Tiago Malato envia ao Ministério Público denúncia sobre instalação do Pingo Doce

© Google Maps/NCV Clicar na imagem para ampliar.
Na reunião desta semana da Câmara Municipal de Castelo de Vide, o vereador Tiago Malato anunciou o envio de uma denúncia para aclaração ao Ministério Público sobre o procedimento de instalação do Pingo Doce em Castelo de Vide.
Faltaram a esta segunda reunião deste mês os dois vereadores do PSD Nuno Calixto (alegadamente em campanha eleitoral) e António José Miranda (numa consulta médica), pelo que a mesma decorreu apenas com a presença do Presidente da Câmara Municipal, António Pita, e dos vereadores do PS, Tiago Malato e João Diogo Carlos.
António Pita e Ana Júlia Rocha implicados
Em causa está o Procedimento de Instalação do Pingo Doce em Castelo de Vide, que implica a empresa dos à época sócios do arquiteto Nuno Santana, de António Pita (à época vice-presidente) e da jurista municipal, Ana Júlia Duarte Rocha, à época vereadora com competências delegadas e presidente da Comissão Municipal de licenciamento comercial de Castelo de Vide e representante da autarquia na Comissão Regional do Alentejo - Licenciamento Comercial.
Tiago Malato dispensa audição no procedimento de inquérito
Tiago Malato declarou também dispensar a sua audição no procedimento de inquérito ao arquiteto Nuno Santana e informou que vai imediatamente mandar ao Ministério Público o assunto do processo para a instalação da superfície comercial Pingo Doce.
Tendo sido convocado convocado enquanto vereador como testemunha / participante para ser ouvido no próximo dia 23 de Setembro, em vésperas de eleições, o vereador afirmou que tudo o que tem a dizer, teve o cuidado de o fazer no órgão a que pertence, e ficou lavrado nas respetivas atas das reuniões da Câmara Municipal que respondem legalmente para qualquer efeito.
Manobras dilatórias em véspera de eleições?
Tiago Malato afirmou não aceitar que este processo de inquérito vá demorar mais que um ano, quando a lei obriga à sua maior prioridade e que todo este atraso em manobras dilatórias porventura se prende com as eleições de dia 26 de Setembro.

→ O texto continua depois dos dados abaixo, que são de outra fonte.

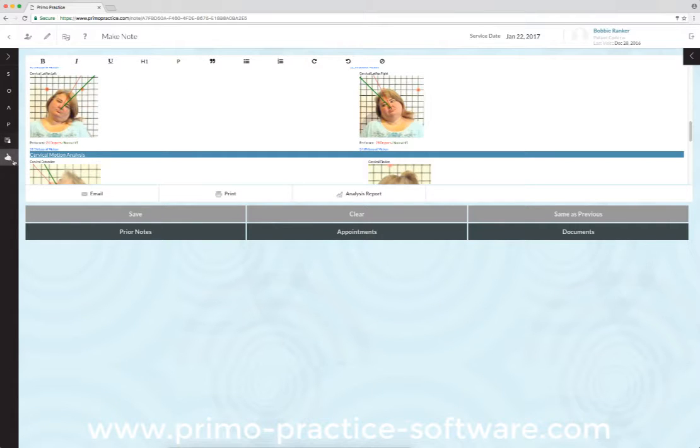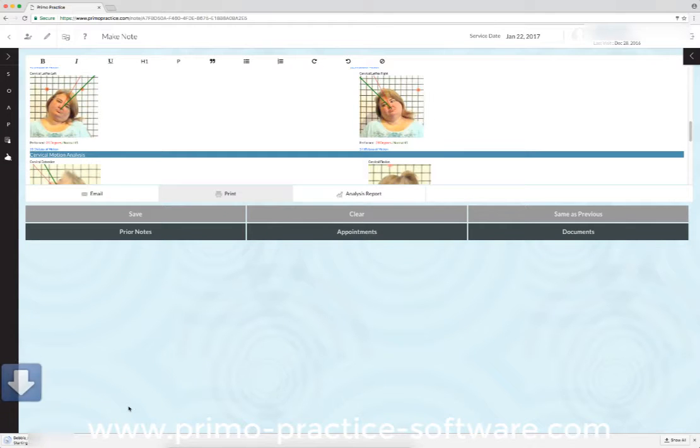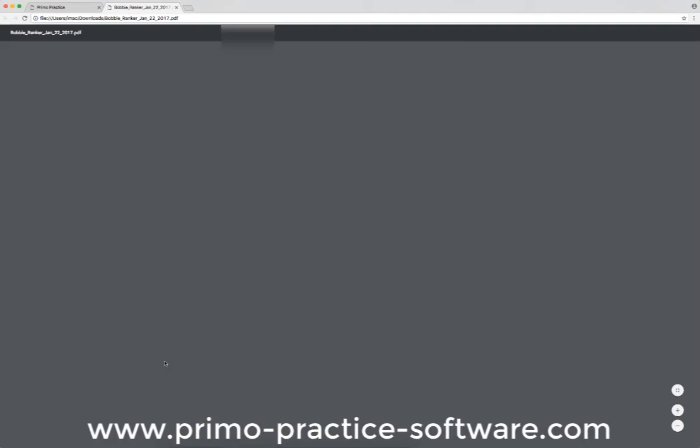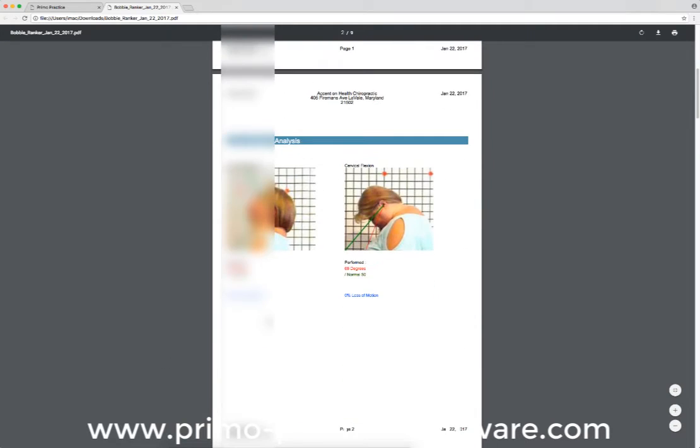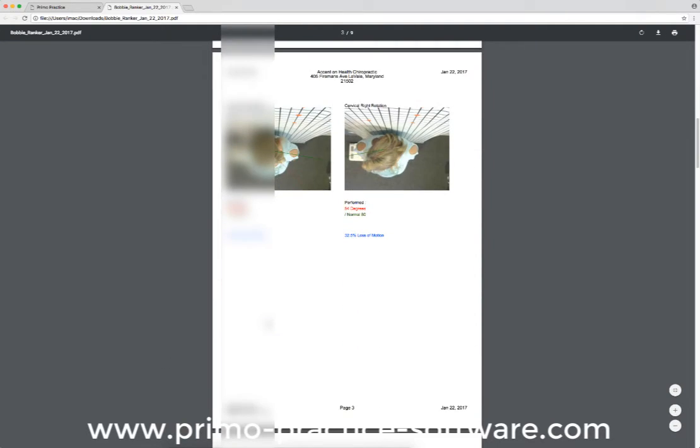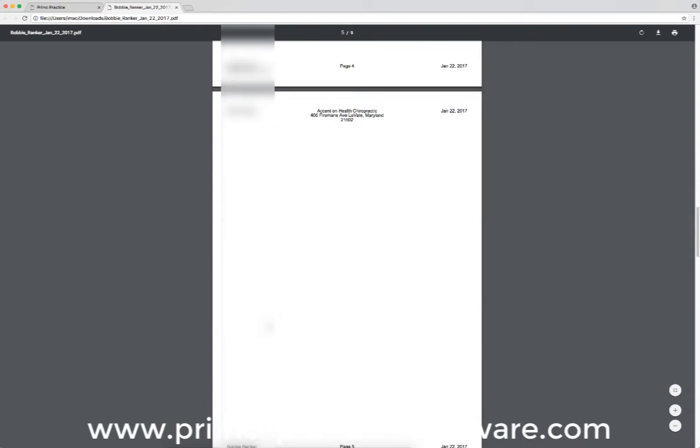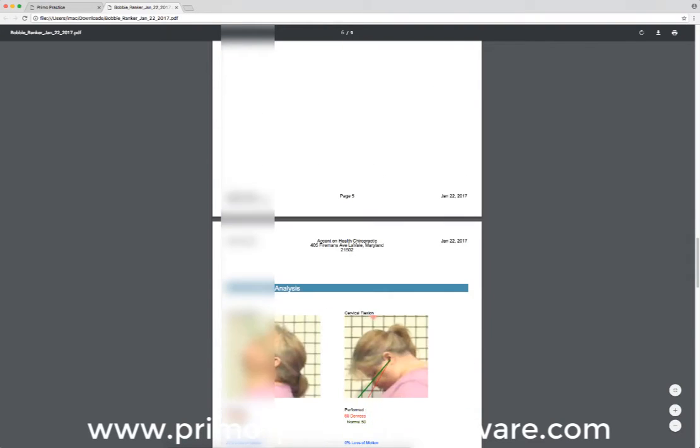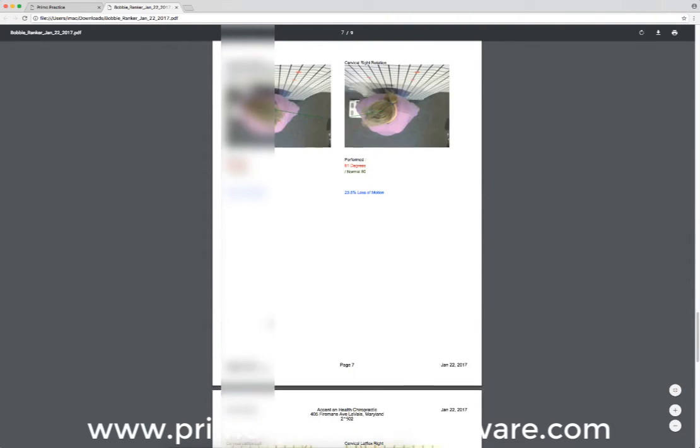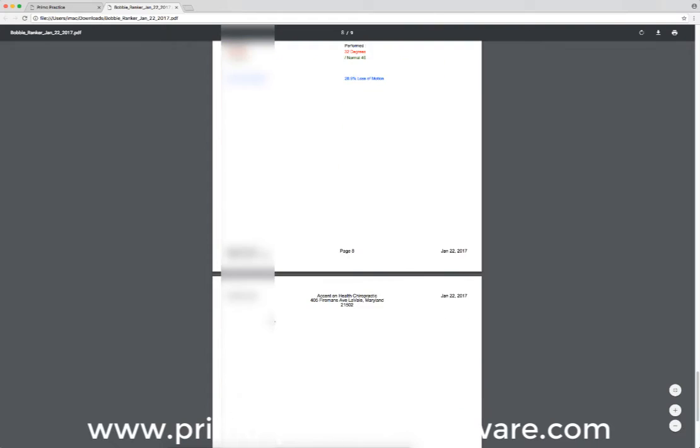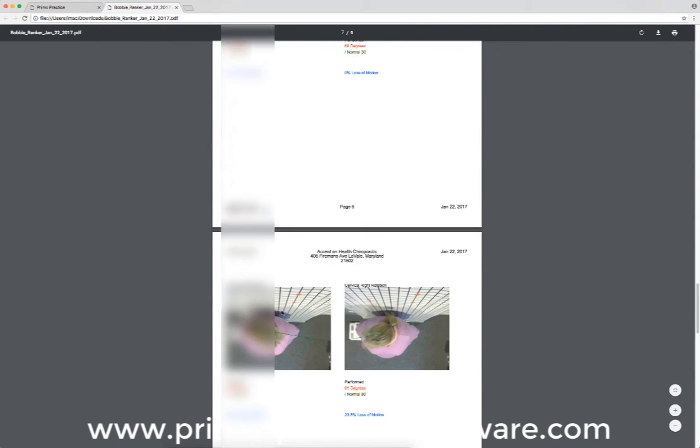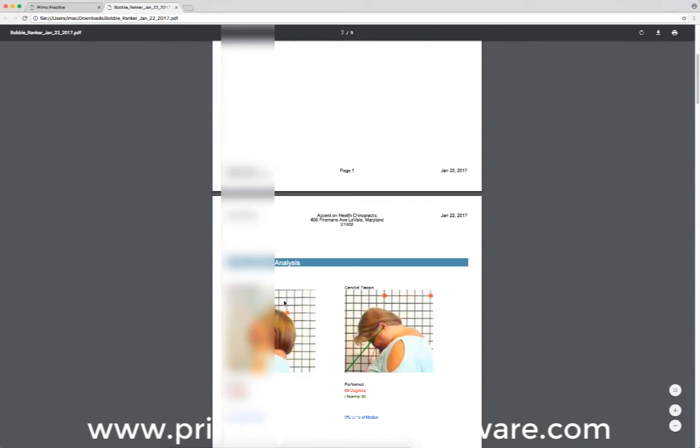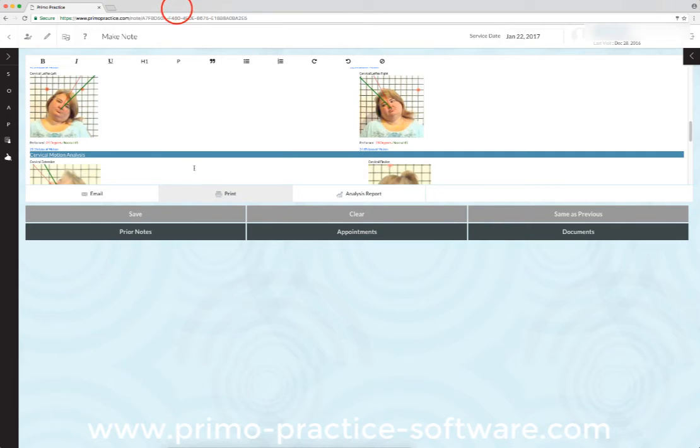If I'm going to jump ahead to print, so if we go to print and look at this analysis when it creates it, I now have a report that's going to show all of her cervical range of motion studies compared to her initial range of motion studies. So that becomes part of her file, part of her chart.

No entender do Vereador Tiago Malato, não se entende ainda a contratação de um escritório de advogados de Lisboa, por 5 000 euros para secretariar este Inquérito dirigido pela Jurista Ana Júlia Duarte Rocha.
Os processos em causa
Entre os processos que referiu, e em que se salienta a queixa feita ao Ministério Público e Ordem dos Arquitetos, à revelia e no desrespeito pelos órgãos e hierarquia do Município; a derrocada de casa na Judiaria, com 15 anos de parecer urgente de intimação para obras e que, no momento do acidente se veio a constatar ser do Arquiteto Municipal, que o tentava na altura vender; e o Caso de Instalação do Pingo Doce de Castelo de Vide, em que os sócios do arquiteto constituíram uma empresa (a Nuchbear) tendo, num processo com intervenção em pareceres do arquiteto municipal, lucrado à época 360 000 euros em apenas seis meses.

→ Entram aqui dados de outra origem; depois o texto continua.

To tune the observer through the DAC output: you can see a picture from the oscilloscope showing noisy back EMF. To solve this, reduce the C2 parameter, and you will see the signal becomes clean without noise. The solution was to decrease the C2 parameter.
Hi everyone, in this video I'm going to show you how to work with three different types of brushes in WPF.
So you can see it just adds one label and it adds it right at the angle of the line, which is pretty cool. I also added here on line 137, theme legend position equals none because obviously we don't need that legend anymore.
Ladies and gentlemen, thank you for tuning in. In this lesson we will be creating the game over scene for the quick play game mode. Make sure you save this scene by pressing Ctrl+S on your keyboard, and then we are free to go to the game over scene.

Processo Pingo Doce é complexo e obriga a clarificação
Para o Vereador Tiago Malato, este processo Pingo Doce é complexo e obriga a clarificação, uma vez que implica em parecer o atual Presidente de Câmara, António Pita, à época Vice-presidente, a à época vereadora Ana Júlia Duarte Rocha, agora Jurista Municipal e Inquiridora do processo instaurado à atuação do Arquiteto Municipal, dra Ana Júlia Duarte Rocha que na altura foi mandatada com competências atribuídas para o efeito de Licenciamento Comercial, nomeadamente junto da Direção Regional de Economia / Licenciamento Comercial, onde esteve, a 9 de Maio de 2006, para tratar de assuntos referentes ao processo de instalação de um estabelecimento comercial " Pingo Doce", antes da venda do Lote ao Pingo Doce, pela empresa dos sócios do arquiteto Municipal.

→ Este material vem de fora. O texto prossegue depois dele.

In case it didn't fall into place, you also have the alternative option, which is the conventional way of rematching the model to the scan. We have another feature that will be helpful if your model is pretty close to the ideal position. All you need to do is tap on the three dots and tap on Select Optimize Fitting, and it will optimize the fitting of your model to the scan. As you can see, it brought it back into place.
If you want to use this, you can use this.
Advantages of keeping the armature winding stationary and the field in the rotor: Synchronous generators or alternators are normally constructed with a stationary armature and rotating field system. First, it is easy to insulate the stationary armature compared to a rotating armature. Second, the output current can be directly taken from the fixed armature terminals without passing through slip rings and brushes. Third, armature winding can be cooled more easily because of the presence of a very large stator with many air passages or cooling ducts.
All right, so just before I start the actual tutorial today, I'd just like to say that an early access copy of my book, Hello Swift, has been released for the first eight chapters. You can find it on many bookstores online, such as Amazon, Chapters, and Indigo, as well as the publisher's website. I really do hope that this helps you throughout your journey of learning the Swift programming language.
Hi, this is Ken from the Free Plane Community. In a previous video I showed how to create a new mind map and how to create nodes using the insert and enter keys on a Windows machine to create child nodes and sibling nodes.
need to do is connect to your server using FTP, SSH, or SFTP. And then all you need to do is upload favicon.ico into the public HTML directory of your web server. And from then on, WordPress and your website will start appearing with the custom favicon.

Alteração irregular de Parâmetros Urbanísticos possibilita instalação Pingo Doce
Regista o vereador Tiago Malato que à data, foram alterados os parâmetros urbanísticos do Lote e a sua suposta valorização, o que possibilitou aumentar a área de construção de 900 para 1570 metros quadrados, aumento de cerca de 75% da dita área, quando a lei permitia apenas um eventual aumento de 3%, sem contudo se informar ou referir explicitamente ao Executivo Municipal destas alterações lavradas em Certidão de Emissão de Alteração.
Esta alteração legal não subiu nem foi comunicada à Câmara Municipal, nem antes nem depois, nem em discussão nem em informação. Informação que também deve ser comparada com os limites e valores urbanísticos entretanto acontecidos e legalmente registados e que, aparentemente, também ultrapassam o legalmente descrito.
Finalmente, o vereador Tiago Malato acrescentou que não consegue alcançar a lógica de todo este procedimento, com implicações legais, e que espera que este assunto em particular, não seja agora usado como pretexto para de alguma forma protelar o referido inquérito em curso no seu todo. © NCV
(ver mais informação sobre este processo AQUI)

23 de maio de 2018

Ministério Público e Judiciária fizeram ontem em Marvão buscas em Junta de Freguesia, Câmara Municipal, residências particulares e empresas

No âmbito de um inquérito dirigido pelo Ministério Público do DIAP de Évora foram ontem “realizadas diligências de busca e apreensão de elementos de prova em Junta de Freguesia, Câmara Municipal, residências particulares e sociedades, do concelho de Marvão”, segundo confirma uma nota do Departamento de Investigação e Ação Penal da Comarca de Évora.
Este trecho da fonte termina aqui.